(Data supplied Opens)

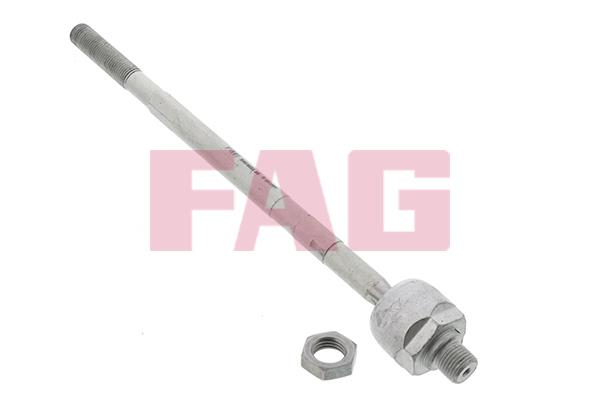 FAG 840 0221 10 Inner Tie Rod 840022110: Buy near me in Poland at 2407.PL - Good price!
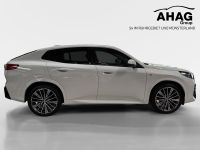 BMW X2 - Vorschau Bild 3
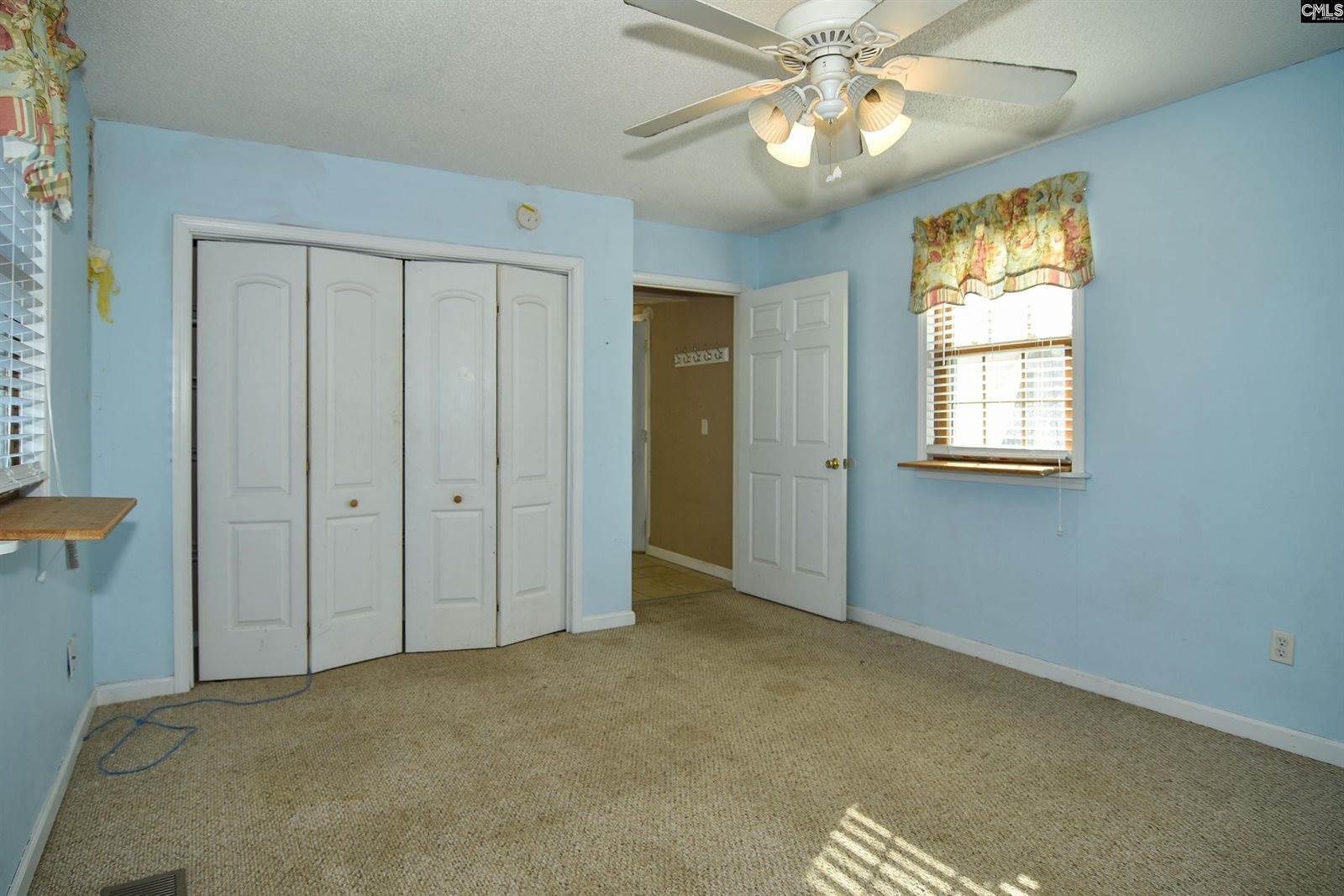 125 Narrow, Lexington, SC 29073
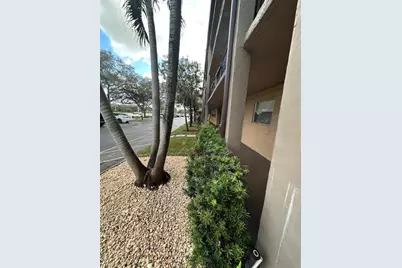 2700  Coral Springs Dr, Unit #207, Coral Springs, FL 33065 - Photo 42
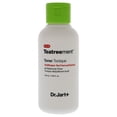 thumbnail image 2 of Dr. Jart+ Virador Ctrl A Teatreement Virador 4.05 oz, 2 of 4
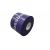 Flossband Sanctband 5cm x 2m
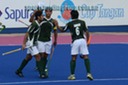 Ind 4 Pak 2119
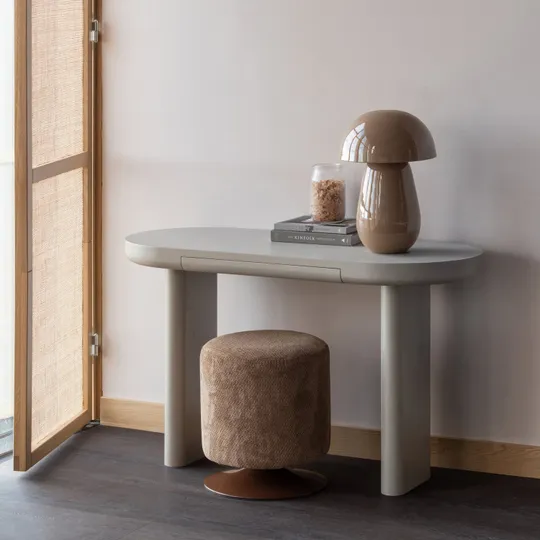 Woood Mael Schreibtisch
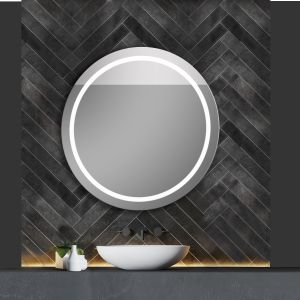 Купить зеркала iris для ванной комнаты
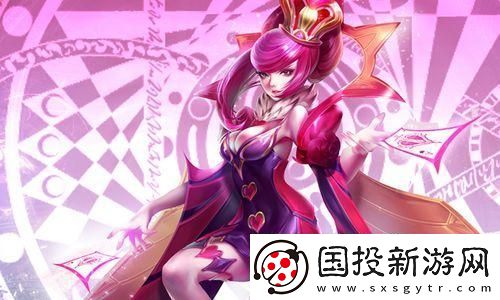 挑戰(zhàn)極限-戰(zhàn)術(shù)精髓：深入探索零域戰(zhàn)線防守模式的策略與魅力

(Data supplied Closes)

A verbatim copy of the entries, stripped of pictures, should be produced.

 FAG 840 0221 10 Inner Tie Rod 840022110: Buy near me in Poland at 2407.PL - Good price!
 BMW X2 - Vorschau Bild 3
 125 Narrow, Lexington, SC 29073
 2700  Coral Springs Dr, Unit #207, Coral Springs, FL 33065 - Photo 42
 thumbnail image 2 of Dr. Jart+ Virador Ctrl A Teatreement Virador 4.05 oz, 2 of 4
 Flossband Sanctband 5cm x 2m
 Ind 4 Pak 2119
 Woood Mael Schreibtisch
 Купить зеркала iris для ванной комнаты
 挑戰(zhàn)極限-戰(zhàn)術(shù)精髓：深入探索零域戰(zhàn)線防守模式的策略與魅力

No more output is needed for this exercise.